[Start of section]

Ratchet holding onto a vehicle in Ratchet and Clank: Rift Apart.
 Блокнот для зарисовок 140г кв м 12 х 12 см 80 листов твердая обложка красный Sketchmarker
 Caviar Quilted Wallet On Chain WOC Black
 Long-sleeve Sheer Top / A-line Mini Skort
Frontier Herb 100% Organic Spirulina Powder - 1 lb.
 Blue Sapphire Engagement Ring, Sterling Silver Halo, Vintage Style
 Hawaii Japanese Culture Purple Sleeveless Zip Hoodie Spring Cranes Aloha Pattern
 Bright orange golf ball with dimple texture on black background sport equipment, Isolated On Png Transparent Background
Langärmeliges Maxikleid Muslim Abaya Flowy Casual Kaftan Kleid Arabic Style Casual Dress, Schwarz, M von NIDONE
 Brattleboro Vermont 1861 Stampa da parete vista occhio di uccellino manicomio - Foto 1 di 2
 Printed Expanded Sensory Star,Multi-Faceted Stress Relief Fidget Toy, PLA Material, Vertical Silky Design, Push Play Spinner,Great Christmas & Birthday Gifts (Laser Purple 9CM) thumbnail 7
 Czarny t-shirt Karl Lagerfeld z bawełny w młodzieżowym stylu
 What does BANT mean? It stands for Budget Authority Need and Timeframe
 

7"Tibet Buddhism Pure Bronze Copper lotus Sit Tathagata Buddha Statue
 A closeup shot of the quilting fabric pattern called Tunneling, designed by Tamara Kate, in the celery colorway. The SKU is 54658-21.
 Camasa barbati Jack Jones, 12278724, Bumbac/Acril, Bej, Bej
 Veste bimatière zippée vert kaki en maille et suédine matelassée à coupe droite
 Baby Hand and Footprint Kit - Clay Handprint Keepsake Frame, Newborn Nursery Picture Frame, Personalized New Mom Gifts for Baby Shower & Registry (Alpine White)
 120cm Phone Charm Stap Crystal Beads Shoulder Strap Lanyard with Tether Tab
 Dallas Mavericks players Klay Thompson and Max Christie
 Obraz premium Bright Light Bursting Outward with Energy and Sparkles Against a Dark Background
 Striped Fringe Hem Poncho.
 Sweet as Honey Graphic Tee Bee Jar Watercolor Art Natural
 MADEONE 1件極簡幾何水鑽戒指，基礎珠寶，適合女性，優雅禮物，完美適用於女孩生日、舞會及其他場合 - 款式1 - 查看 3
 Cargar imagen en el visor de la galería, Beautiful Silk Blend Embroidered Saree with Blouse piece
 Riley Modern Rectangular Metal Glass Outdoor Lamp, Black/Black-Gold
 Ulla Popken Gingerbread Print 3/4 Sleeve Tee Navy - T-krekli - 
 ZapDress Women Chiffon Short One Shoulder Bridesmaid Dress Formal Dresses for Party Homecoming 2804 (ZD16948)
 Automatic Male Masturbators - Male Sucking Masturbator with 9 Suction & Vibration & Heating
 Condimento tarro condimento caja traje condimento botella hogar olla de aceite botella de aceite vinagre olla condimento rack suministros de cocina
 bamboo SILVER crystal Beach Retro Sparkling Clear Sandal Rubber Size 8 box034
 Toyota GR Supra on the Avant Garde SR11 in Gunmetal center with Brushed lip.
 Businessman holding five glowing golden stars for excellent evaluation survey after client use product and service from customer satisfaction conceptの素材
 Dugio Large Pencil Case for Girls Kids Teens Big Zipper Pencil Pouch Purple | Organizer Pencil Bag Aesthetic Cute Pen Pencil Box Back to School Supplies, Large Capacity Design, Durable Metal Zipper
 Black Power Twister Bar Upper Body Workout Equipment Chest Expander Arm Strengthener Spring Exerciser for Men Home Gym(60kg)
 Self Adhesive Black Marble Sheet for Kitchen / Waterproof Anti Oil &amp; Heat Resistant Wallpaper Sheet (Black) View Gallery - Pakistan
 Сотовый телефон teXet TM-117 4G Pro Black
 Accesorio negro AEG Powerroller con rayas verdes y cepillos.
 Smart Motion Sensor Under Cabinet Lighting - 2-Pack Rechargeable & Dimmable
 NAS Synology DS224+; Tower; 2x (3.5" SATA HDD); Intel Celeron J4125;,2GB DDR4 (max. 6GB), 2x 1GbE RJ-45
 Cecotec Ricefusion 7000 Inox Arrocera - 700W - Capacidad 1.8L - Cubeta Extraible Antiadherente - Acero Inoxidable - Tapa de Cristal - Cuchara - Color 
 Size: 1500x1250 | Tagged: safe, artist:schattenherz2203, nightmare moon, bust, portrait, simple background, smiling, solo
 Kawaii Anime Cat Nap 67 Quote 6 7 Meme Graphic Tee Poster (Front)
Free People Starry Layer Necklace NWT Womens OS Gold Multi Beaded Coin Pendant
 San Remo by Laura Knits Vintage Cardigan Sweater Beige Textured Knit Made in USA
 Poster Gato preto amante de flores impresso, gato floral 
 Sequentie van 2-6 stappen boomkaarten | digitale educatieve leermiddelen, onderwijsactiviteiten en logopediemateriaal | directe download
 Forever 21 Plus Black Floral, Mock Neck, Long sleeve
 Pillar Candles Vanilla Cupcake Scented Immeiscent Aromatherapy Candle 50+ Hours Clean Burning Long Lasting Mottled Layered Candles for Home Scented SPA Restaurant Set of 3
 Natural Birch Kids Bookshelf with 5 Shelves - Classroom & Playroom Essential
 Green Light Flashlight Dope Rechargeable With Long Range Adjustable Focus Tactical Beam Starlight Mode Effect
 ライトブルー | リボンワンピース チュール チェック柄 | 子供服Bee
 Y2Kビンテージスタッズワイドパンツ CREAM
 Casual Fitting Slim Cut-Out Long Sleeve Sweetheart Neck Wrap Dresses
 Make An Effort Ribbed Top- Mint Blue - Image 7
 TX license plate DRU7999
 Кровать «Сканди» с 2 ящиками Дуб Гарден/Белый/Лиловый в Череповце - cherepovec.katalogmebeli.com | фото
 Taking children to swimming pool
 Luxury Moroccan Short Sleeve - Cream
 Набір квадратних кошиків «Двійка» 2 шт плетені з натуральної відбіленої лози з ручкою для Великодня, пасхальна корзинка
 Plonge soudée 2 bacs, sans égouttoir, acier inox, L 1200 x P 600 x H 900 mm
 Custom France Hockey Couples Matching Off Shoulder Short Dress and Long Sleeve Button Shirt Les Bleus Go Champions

[End of section]

**Instructions for the task**: The number of lines in the data that hold "Short" is all that should be given.

**Response**: 3